I told him how Bill found Catholicism really difficult as a result of his experience of physical abuse at the Catholic school of his youth.  I explained that it was impossible except by the grace of God to get Bill to want to come back to Mass or spend time examining his conscience.  He said, “See if you can get him to come and talk to me.  I will give him a Life Confession.  That’s a confession for those who have been away from the Church for decades and find normal Confession too much of a challenge.  I’ll read out a list of sins, and all he has to do is say ‘yes’ or ‘no’.  Keep it simple.”

And of course, he gave me a strict schedule of prayer as well as a recommended course of reading.

It was something of a miracle that Bill eventually agreed to go (I asked for it as my Christmas present).  And after this he started attending Mass with us and receiving the Holy Eucharist.  Not only did Father Bogoni hear Bill’s confession, but he also drove all the way to Two Rocks, despite his crowded schedule, to give Bill the Last Rites and bless our house.  (And, by the way, he said there was no evidence whatsoever of demonic activity.)  I can only assume all the difficulties we had experienced were God’s way of driving us in the direction of someone who would help Bill end his life in a right relationship with God.

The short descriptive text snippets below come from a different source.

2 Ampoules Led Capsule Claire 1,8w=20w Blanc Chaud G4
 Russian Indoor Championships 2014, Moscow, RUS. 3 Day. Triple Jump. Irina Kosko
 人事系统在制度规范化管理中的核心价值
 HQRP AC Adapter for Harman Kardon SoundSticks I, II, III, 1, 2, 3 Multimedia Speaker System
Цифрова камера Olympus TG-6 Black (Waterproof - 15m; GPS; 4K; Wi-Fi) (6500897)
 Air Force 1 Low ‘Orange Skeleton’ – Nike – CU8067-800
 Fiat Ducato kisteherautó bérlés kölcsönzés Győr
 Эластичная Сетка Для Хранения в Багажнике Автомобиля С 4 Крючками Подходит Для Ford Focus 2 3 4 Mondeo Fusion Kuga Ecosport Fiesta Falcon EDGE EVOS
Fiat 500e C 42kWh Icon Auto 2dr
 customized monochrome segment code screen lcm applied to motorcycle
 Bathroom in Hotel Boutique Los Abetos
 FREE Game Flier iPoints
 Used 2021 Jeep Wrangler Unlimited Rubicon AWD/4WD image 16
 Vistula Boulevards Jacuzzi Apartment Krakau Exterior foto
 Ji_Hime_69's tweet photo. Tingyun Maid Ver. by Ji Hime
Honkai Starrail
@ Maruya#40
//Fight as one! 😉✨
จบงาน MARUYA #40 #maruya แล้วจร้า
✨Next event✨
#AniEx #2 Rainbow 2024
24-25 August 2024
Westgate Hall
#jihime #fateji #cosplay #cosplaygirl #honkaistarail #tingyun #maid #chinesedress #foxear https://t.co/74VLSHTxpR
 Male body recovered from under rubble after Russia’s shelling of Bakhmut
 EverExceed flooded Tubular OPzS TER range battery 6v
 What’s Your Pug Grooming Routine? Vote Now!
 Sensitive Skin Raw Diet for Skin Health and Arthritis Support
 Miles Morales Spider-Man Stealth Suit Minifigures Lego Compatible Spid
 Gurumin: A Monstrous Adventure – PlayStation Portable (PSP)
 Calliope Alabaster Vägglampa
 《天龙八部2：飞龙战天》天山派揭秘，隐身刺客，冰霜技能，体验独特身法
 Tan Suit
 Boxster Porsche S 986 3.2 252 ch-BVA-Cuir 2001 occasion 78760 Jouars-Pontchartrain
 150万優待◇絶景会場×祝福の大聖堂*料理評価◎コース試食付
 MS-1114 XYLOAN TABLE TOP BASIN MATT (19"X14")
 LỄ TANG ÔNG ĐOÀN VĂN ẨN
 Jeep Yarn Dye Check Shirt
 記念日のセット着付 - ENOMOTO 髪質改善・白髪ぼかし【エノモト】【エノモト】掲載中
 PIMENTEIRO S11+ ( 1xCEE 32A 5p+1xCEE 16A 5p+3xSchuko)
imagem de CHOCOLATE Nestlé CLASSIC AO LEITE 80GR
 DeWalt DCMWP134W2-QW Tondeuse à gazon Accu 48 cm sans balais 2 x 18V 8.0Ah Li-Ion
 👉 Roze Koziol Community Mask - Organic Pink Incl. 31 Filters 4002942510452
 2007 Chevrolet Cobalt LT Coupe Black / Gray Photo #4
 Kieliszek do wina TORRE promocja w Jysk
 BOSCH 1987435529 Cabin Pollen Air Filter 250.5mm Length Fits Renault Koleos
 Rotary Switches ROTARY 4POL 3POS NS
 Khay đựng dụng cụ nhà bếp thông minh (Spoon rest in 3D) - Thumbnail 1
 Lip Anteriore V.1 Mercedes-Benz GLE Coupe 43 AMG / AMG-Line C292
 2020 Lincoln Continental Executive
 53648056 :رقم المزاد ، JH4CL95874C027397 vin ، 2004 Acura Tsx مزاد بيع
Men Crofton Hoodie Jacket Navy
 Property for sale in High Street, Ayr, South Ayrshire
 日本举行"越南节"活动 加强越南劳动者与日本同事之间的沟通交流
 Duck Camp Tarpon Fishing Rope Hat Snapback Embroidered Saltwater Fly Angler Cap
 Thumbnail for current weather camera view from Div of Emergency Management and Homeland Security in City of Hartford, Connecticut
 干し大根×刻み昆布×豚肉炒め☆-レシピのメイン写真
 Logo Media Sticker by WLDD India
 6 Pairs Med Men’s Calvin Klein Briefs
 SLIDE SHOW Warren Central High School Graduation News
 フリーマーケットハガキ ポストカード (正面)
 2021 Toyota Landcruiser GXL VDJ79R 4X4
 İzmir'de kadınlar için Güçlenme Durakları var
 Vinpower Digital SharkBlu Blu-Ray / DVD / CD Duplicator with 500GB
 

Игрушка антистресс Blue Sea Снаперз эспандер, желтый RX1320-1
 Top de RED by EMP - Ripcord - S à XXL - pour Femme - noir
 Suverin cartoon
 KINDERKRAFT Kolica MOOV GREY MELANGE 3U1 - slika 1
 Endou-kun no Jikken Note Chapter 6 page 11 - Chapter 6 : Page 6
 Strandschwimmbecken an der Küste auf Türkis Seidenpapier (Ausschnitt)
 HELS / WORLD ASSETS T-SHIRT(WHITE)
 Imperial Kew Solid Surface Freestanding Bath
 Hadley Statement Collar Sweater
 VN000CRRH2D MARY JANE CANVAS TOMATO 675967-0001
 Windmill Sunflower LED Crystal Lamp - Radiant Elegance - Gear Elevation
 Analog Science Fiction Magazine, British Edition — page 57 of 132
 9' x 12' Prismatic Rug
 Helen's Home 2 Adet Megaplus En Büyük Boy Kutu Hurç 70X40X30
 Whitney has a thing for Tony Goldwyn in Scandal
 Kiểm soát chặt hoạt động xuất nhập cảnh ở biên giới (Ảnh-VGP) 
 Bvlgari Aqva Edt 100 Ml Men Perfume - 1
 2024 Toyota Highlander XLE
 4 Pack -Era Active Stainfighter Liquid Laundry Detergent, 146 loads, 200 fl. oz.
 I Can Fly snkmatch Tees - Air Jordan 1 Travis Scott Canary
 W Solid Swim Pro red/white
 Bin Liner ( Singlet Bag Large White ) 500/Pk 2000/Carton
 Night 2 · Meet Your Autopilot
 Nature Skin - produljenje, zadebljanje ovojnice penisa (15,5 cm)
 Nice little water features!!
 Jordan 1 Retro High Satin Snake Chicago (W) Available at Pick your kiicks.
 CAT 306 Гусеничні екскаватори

Fr Bogoni died last week, suddenly at the age of 51, with a Rosary in his hand.  How fitting that God should choose to take him suddenly, just like the way he would burst in suddenly through the chapel door as he went about his busy pastoral duties, in those sandals that flap-flapped across the floor.  And how fitting that God should take him home on the feast of Divine Mercy.  I was going to say, ‘his work done’, but no, I can see him being even more busy in Heaven, still interceding for those souls he helped so much on earth.

So thank you, Fr Bogoni.  Thank you for seeing what needed to be done, and doing it.  May God give you a great reward, good and faithful servant!  And please say hello to Bill while you’re there!